Noncompete agreements can protect businesses in the event an employment relationship ends. A noncompete agreement, also known as a covenant not to compete, is a contract – or a clause in a contract – that can be used to protect a business from unfair competitive advantages in the event the employment relationship ends.

Enforceability Of Noncompete Agreements In New York

As a matter of public policy, some states will not enforce noncompete agreements against former employees. California, for example, will not enforce traditional non-compete agreements except in extremely limited circumstances. New York, by contrast, permits enforcement of reasonable and properly limited noncompete agreements that are designed to protect the legitimate business interests of an employer as long as the agreements are entered into voluntarily.

Drafting An Enforceable Noncompete Agreement

While New York law permits the enforcement of noncompete agreements, noncompetes are nevertheless disfavored contracts and regarded by courts with a measure of suspicion. As a practical matter, this means that unreasonably broad or overreaching noncompete agreements will not be enforced by the courts.

There are a number of steps a business can take to increase the likelihood that a noncompete agreement will be enforced.
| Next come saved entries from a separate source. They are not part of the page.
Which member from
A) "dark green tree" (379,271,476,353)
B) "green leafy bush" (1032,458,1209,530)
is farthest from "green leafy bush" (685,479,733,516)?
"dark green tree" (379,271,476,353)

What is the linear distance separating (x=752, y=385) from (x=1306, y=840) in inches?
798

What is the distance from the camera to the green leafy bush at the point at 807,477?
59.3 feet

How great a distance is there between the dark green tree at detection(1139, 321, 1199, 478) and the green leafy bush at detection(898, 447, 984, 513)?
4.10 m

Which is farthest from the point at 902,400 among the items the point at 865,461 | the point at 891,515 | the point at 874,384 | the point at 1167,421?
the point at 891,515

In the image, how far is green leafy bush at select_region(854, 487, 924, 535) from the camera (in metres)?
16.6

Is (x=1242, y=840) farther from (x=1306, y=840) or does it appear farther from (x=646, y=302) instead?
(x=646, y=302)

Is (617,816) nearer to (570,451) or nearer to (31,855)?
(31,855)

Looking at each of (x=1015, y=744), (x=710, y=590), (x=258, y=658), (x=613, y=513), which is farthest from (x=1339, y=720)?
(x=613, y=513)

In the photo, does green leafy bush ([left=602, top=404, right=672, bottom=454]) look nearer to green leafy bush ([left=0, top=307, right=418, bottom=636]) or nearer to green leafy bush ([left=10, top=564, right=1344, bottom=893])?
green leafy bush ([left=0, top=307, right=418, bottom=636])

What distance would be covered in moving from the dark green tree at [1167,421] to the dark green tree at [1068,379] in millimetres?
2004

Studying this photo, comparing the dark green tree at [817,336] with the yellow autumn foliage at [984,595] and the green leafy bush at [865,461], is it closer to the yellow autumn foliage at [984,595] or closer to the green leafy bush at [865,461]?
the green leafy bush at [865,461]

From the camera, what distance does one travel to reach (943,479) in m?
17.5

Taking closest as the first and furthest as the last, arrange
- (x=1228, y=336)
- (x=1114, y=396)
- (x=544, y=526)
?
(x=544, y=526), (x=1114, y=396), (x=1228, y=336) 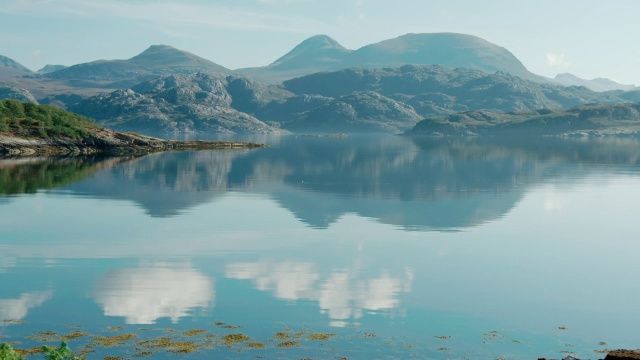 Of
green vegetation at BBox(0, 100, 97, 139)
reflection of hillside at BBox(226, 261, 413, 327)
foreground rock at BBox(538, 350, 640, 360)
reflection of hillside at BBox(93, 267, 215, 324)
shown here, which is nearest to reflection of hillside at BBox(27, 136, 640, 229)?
reflection of hillside at BBox(226, 261, 413, 327)

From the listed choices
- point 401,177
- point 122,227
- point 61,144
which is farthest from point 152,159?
point 122,227

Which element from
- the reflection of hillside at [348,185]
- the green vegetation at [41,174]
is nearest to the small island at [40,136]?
the green vegetation at [41,174]

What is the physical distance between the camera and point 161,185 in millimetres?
107062

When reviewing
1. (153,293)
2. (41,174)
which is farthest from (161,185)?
(153,293)

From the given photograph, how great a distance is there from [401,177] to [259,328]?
96.4m

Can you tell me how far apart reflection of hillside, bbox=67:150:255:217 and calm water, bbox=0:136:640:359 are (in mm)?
696

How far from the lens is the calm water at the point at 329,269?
33062 millimetres

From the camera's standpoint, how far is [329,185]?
112 metres

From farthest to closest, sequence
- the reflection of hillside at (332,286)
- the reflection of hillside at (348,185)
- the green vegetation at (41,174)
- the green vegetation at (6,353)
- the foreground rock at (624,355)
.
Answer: the green vegetation at (41,174), the reflection of hillside at (348,185), the reflection of hillside at (332,286), the foreground rock at (624,355), the green vegetation at (6,353)

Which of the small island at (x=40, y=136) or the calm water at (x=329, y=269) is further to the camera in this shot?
the small island at (x=40, y=136)

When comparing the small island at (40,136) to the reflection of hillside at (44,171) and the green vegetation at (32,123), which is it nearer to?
the green vegetation at (32,123)

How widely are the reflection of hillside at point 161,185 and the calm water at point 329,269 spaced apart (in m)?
0.70

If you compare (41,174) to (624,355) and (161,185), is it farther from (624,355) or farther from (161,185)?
(624,355)

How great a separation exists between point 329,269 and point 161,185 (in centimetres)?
6513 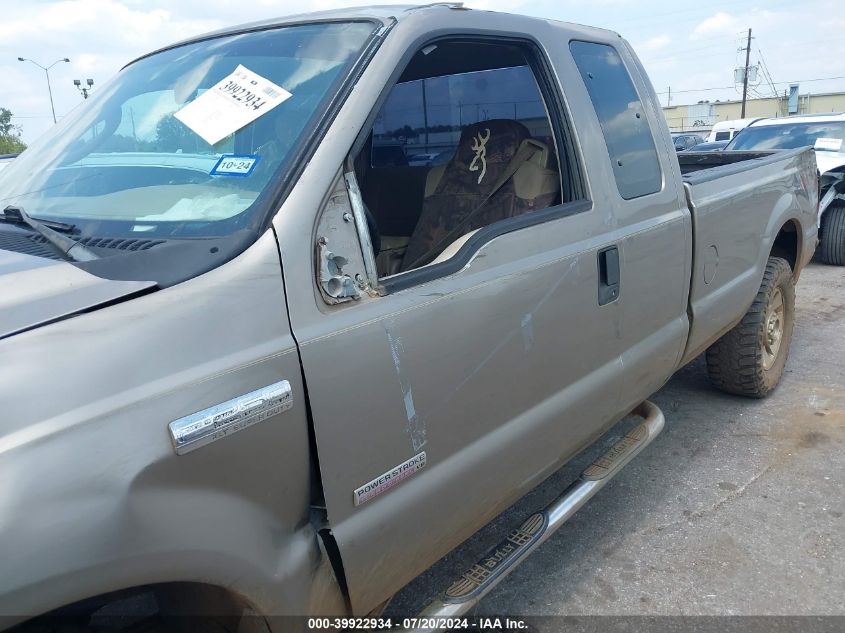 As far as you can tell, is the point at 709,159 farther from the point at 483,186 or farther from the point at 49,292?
the point at 49,292

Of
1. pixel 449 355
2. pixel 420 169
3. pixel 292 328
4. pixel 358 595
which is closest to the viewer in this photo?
pixel 292 328

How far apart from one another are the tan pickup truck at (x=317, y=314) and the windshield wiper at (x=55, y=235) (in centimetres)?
1

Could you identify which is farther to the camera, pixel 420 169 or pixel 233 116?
pixel 420 169

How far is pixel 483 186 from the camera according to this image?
9.94 feet

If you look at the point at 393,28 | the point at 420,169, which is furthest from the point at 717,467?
the point at 393,28

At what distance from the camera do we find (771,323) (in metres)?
4.40

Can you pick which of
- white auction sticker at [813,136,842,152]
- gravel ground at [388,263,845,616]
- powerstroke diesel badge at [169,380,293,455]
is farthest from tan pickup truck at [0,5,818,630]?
white auction sticker at [813,136,842,152]

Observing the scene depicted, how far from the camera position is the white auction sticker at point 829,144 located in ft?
28.7

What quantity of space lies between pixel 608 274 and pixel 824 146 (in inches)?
310

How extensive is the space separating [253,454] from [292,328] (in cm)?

To begin with, the agreement must be carefully tailored to ensure that it restricts the former employee’s rights only to the extent necessary to protect the employer’s legitimate business interests. Examples of legitimate interests can include: (i) guarding relationships with the employer’s existing clients with which the former employee worked, and (ii) precluding the use of confidential and proprietary information, client lists, or trade secrets. On the other hand, it would most likely not be legitimate for an employer to seek to preclude its former employee from competing for the business of any of the employer’s customers, absent evidence that the former employee was using confidential information or close relationships developed during the term of his or her employment to compete for the business of those customers.

In addition to the requirement that the noncompete agreement be limited to protecting legitimate business interests, it must also be reasonable in both scope and duration, and not injurious to the public. In assessing the overall reasonableness of a noncompete agreement, courts look to a variety of factors, including:

  • Duration. There is no bright line rule regarding how long a noncompete may last. However, the length of the noncompete should be correlated with the importance of the business interest being protected, and must not be longer than necessary to protect that interest. Generally speaking, agreements prohibiting competition for periods of time ranging from six months to two or three years have been enforced, depending, as always, on the underlying circumstances of the case.
  • Geographic Scope. Generally speaking, courts will only enforce noncompete agreements when they involve geographic areas where the employer is actively doing business.
  • Public Interest. Courts will also consider the interest of the general public in determining whether to enforce a particular noncompete agreement. Thus, a court might hesitate to enforce an otherwise reasonable noncompete agreement, appropriately limited in time and space, if there are an insufficient number of other similar service providers in the protected area such that enforcement of the noncompete would preclude clients from having a meaningful choice of professional service providers.

Drafting and enforcing noncompete agreements can be a difficult task, and the courts have provided few, if any, hard and fast rules to guide the process. Businesses considering the use of noncompete agreements should therefore consult with experienced counsel to develop a noncompete that will protect the legitimate business interests of the company in a manner that is not overreaching, and is likely to be enforced by the courts.